There has also been the appearance of progress on the ethnic front. In January, the government signed a historic cease-fire with the Karen National Union, the world’s longest-lasting insurgency. It has concluded a similar agreement with the 7,000-strong Shan State Army (South), in addition to smaller ethnic Chin, Mon and Karenni groups.
In a state of the union speech delivered last month, Thein Sein called for an end to “misunderstandings and doubts” among Myanmar’s ethnic groups, and made unprecedented calls for ethnic equality.
But whatever the progress elsewhere, relations with the Kachin have deteriorated under Thein Sein. Three months after he took office in June, fighting with the KIA erupted close to a Chinese-built hydropower project and quickly spread to other parts of the region.
In December, a presidential order for the Myanmar military to halt fighting ahead of peace talks was apparently ignored, casting doubt on whether Thein Sein, a former general, has any control over Myanmar’s powerful military.

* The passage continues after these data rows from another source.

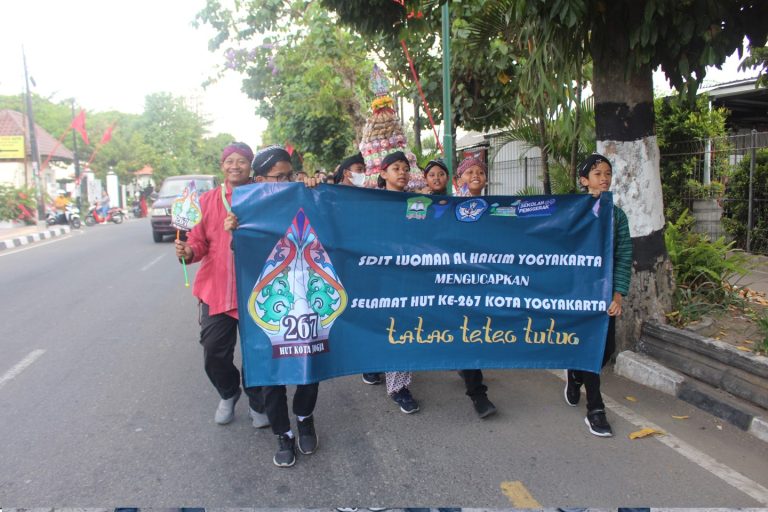 Read more about the article Pawai Karnaval Esluha dalam Semarak HUT Kota Yogyakarta ke-267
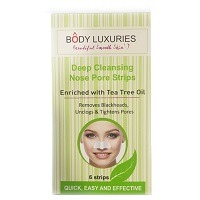 Body Luxuries Tea Tree Nose Strips 6pcs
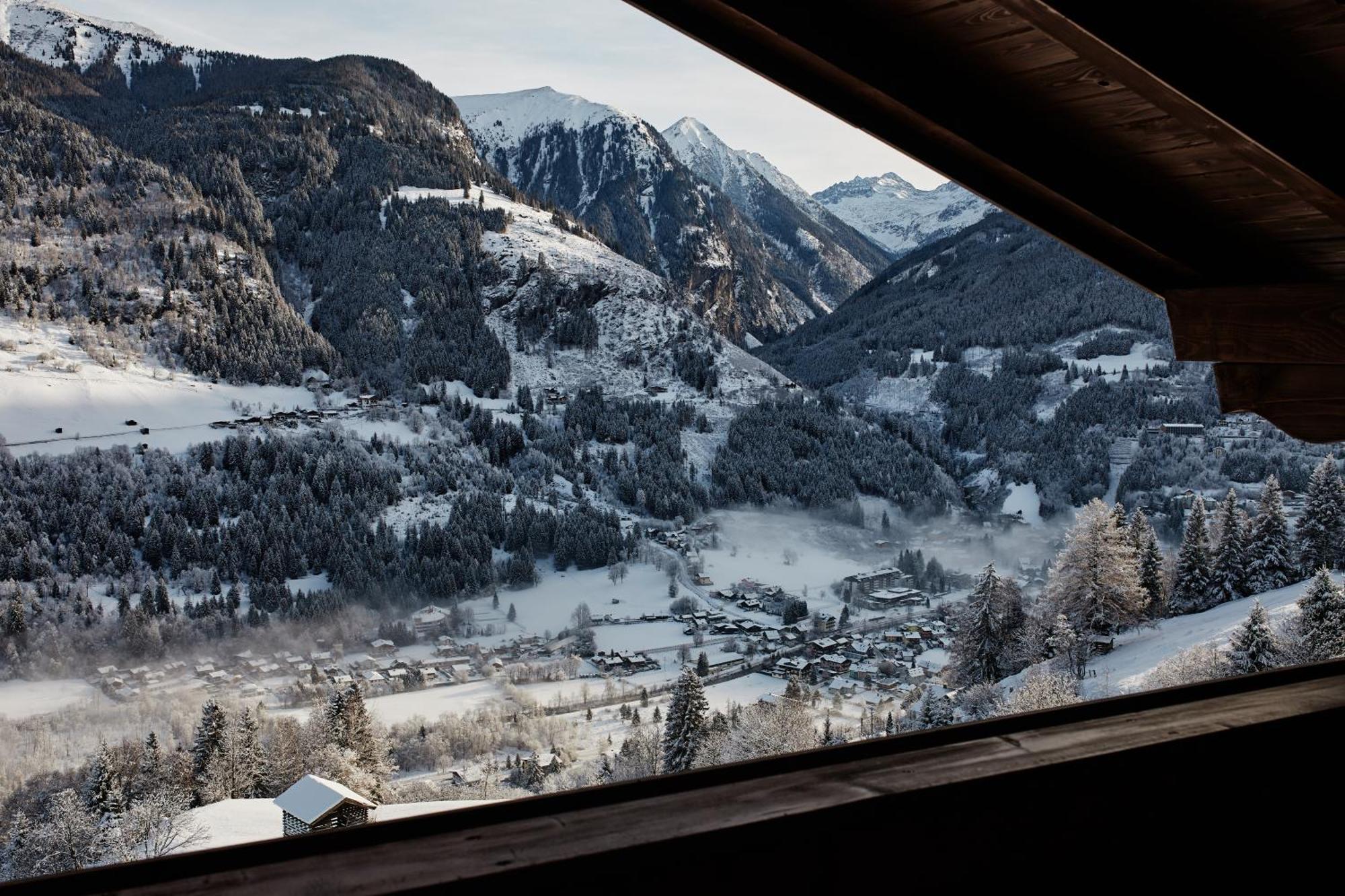 Apartamento Haus Talblick Bad Gastein Exterior foto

Meanwhile, Kachin leaders doubt the sincerity of Thein Sein’s ethnic charm offensive. Samlut Gam, the KIO’s head negotiator, says the Myanmar government is pressing hard for a cease-fire agreement it can present to Western nations as proof of “progress” on the ethnic issue. “They want us to sign a cease-fire agreement quickly, but we want to make a political dialogue and sign a more permanent kind of agreement,” he says.
KIO spokesman Kumhtat La Nan says that the government’s strategy is to force the KIA and other ethnic groups to disarm and abandon their push for self-determination. As a stick, it prevented Kachin parties from registering for the November 2010 national election and postponed last week’s by-election vote in Kachin constituencies, citing the security situation — something he denies would have prevented voting.

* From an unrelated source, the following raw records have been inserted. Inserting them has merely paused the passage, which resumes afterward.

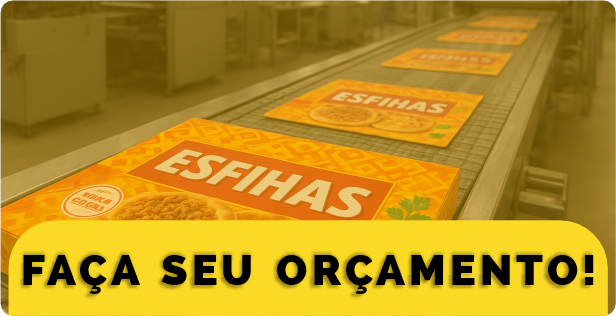 Embalagem para Esfiha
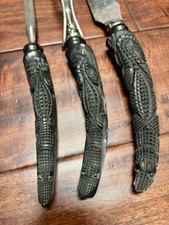 Vtg antler bone for sale  Anaheim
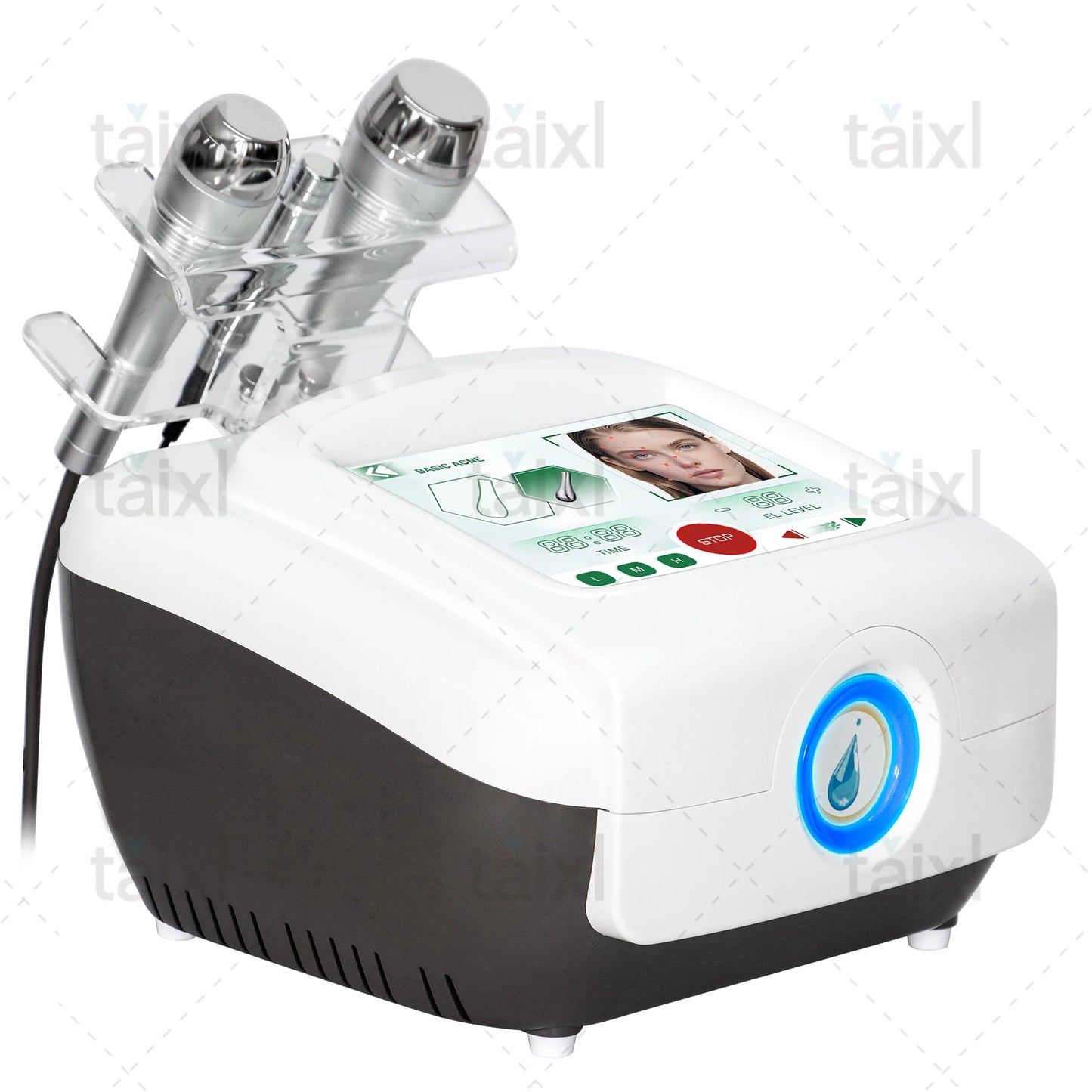 Professional Skin Whitening Wrinkle Removal Anti Aging Ultrasonic Facial Machine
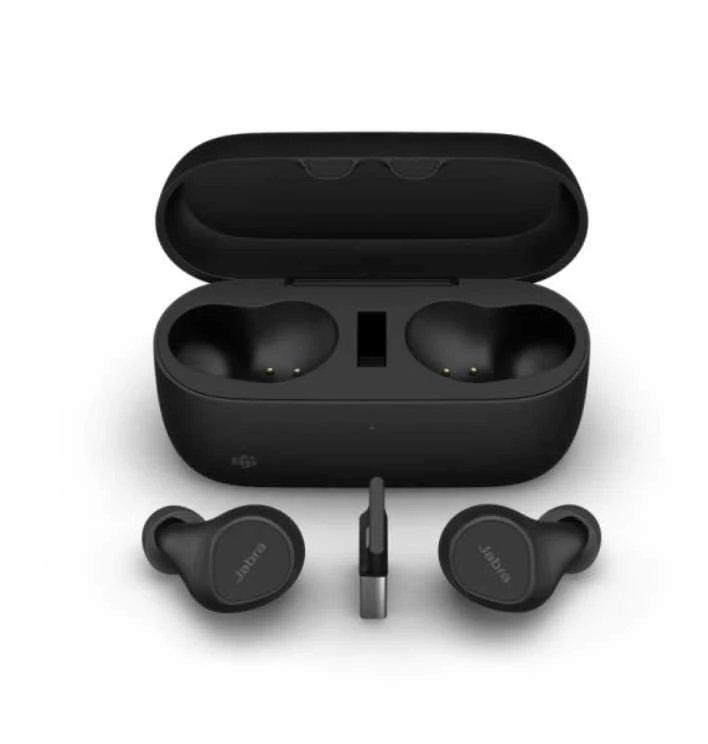 Jabra Evolve2 Buds į ausis įkišamos ausinės juodas (20797-999-989)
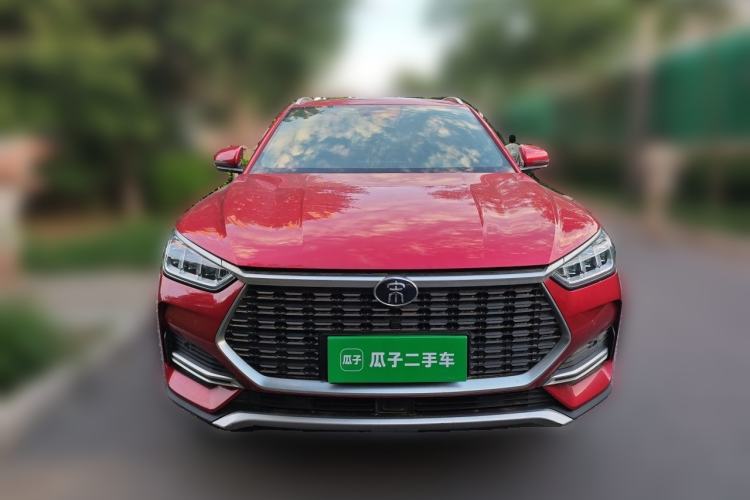 Used BYD Song PLUS 2020 1.5T Automatic Prestige Version Front
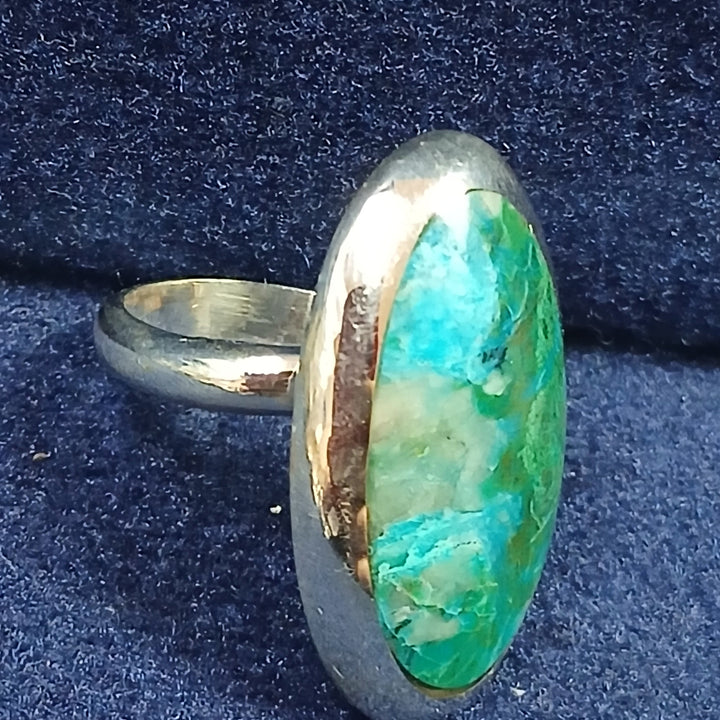 Green Multi-Stone Ring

“The military guys just changed their uniforms, but they’re using the same strategy,” he says, sitting in the KIA’s command headquarters under a banner that proclaims “God is Our Victory.”

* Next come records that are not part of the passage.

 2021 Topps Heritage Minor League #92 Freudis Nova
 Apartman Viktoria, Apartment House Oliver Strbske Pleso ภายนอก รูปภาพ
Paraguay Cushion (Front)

But while the recent talks with ethnic groups are overt signs of progress, a recent briefing by the Burma Center for Ethnic Studies argues that overcoming six decades of conflict could take years.
“For the last 60 years all parties have been so heavily involved in waging war that they have little understanding of what is required to maintain peace,” it states.
In the meantime, the Kachin are digging in for a long fight.
After 10 days of being battered by mortar and small arms fire, a tranquil calm prevails at a small KIA post behind the Nam Sam front. Off-duty troops strum a guitar and sing military songs as the light fades, sipping a traditional cocktail of rice whisky and fresh deer blood.
Like elsewhere, many of the troops here are recent civilian recruits, including several KIA veterans who dusted off their old uniforms and re-enlisted after the fighting restarted. One of the them is Capt. Len Aung, 64, a 38-year veteran of the KIA, who seems unfazed at having his 10 years of retirement interrupted by a return to the barracks life.
“We can’t stay here peacefully,” he says, “so I’ll keep fighting until my last breath.”